O Globoplay lançou, no último dia 11, a série documental Orgulho Além da Tela, que disseca o impacto que as abordagens LGBTQIA+ tiveram sobre o público de novelas ao longo de 50 anos.

O recorte foi feito em cima de personagens que tiveram mais espaço dentro das novelas e que foram importantes para criar um diálogo com a sociedade“, afirmou a diretora geral Antonia Prado.

Ao todo, foram 50 pessoas entrevistadas entre elenco da Globo e personagens da vida real que falam sobre a construção desses personagens e o reflexo deles na sociedade”, explicou o roteirista Lalo Homrich, que concebeu o projeto a partir de sua tese de doutorado sobre o tema.

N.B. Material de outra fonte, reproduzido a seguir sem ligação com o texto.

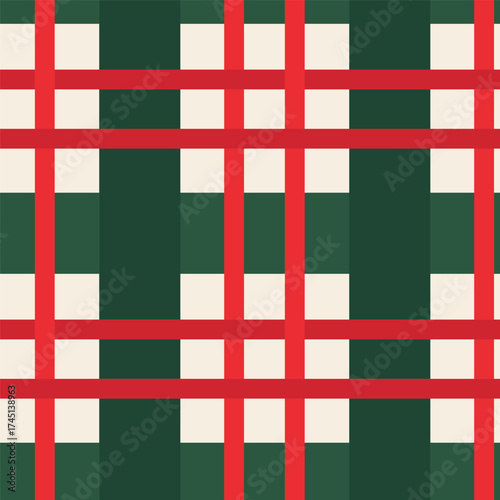 Rustic Christmas Plaid Seamless Pattern. Red and Green Festive Fabric Design for Winter Holidays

Orgulho Além da Tela não é excelente apenas pelo ótimo recorte histórico dessas produções – vai além de “Os gays das novelas“, que Vídeo Show, revistas e blogs já registraram. O melhor são os depoimentos, emocionantes e carregados de emoção, de telespectadores (e familiares) que se enxergaram na tela ou foram influenciados positivamente por tramas e personagens LGBTQIA+.

Ao cavoucar lembranças do passado, algumas com feridas, os entrevistados fazem um balanço de suas trajetórias de vida, em que a telenovela funcionou como um espelho para o mundo, no qual a realidade era refletida por meio da fantasia de tramas e personagens. Muito mais que uma ferramenta de desopilação da realidade, a telenovela trouxe respostas e reflexões e retratou para essas pessoas seus anseios e possibilidades.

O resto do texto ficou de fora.